Not a teacher, but have a Y3 child so have gone through all this fairly recently.
There are various aspects to TTs, what are you considering? If it is helping your kids memorise them (with the aim of instant response) just like they presumably memorised number bonds, then there are various good games/apps out there that help specifically with the memorisation/instant recall thing. E.g. Squeebles TTs, TT Rockstars. Or you could get songs to listen to e.g. in the car.
At school they started with 2x, 10x and 5x and the steps towards memorising them where e.g. learning to count in twos (so being able to recite 2 4 6 8 10 12 14 16 18 20 - fluently and quickly ). Then they did lots of practice working out 2x e.g. 7, meaning they'd recite their 'counting in twos' whilst ticking off with their fingers until they reached their 7th finger. (Or they realised that x2 is the same as doubling, which they had already memorised.) Then they did 'counting in 10s' (so reciting 10 20 30 40 50 60 70 80 90 100) and the ticking off fingers thing again to work out, so 3x10 is 10 (finger one) 20 (finger 2) 30 (finger 3 - stop).
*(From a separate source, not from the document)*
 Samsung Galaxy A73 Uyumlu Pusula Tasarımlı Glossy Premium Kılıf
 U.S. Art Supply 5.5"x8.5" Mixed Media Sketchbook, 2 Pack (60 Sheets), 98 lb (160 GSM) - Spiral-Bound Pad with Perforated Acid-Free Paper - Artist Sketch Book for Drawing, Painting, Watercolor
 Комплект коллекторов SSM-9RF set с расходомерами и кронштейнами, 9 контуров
If it is more about 'what is multiplication' then there are various ways to explain. For example 'repeat addition': 3x4 is the same as adding 4 three times, so 4+4+4. You can try to make that really concrete by using items, e.g. sweets, DC1 has 4 sweets and DC2 has 4 and you have 4, so that makes 3 times 4 sweets, and we can work out how many that is by adding 4 +4+4
At school DS did lots of 'arrays' - so groups of dots, lined up in e.g. 3 rows of 4 dots each. You can then 'see' (or explain) that there are three rows, row 1 row 2 row 3, and each row has exactly the same number of dots (4). So that means 3 (rows) times 4 dots, 3x4 - and it can be 'seen' that you can work it out by adding up row1+row2+row3 = 4+4+4
These arrays also help to demonstrate/understand that 3x4 is the same as 4x3, as you can take the exact same arrray and see that there are 4 columns with three dots each. So you add up column 1+column2+column3+column4 = 3+3+3+3 = 4x3 - You just counted the dots in a different way, didn't add any or take any away, so there have got to be the same amount.
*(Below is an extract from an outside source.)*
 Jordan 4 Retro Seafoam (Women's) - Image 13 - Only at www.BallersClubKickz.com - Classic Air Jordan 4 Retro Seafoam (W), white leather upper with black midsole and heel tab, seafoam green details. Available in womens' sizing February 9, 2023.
Schools differ in their approaches, some will focus most on the children gaining some understanding of what multiplication is, and introduce memorising later; others the other way around, get the kids to memorise TTs and let understanding grow later, through application.
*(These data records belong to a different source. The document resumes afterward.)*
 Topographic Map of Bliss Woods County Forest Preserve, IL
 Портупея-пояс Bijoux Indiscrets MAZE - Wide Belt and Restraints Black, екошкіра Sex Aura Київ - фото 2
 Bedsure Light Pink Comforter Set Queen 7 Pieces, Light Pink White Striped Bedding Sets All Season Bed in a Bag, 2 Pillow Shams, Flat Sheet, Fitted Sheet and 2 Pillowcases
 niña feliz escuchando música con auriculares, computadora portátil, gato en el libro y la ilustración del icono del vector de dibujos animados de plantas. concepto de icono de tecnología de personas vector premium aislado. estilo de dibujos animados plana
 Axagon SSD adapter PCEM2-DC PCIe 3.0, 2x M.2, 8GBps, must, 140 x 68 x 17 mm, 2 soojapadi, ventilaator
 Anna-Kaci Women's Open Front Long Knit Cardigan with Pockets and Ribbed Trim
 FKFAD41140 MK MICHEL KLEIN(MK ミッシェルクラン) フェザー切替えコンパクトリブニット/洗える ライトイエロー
By end of Y2 (for SATS) they are asked to demonstrate some understanding of multiplication, so a question could be '3 friends have 4 sweets each, which TWO of the following would be correct to work out how many they have altogether? 3+3+3 / 3x4 / 4+4+4 / 4+3
And they are also asked to demonstrate that they can work out (or know) the answers to 2x/5x/10x questions, e.g. 5x7=?
At the top end, they're supposed to use their understanding of multiplication as repeat addition to be able to work out a question such as 18/3 =? despite not having learned the 3x table yet. (They'd be expected to count in threes/do repeat addition of 3 until they reach 18 and see how many times they had to add 3)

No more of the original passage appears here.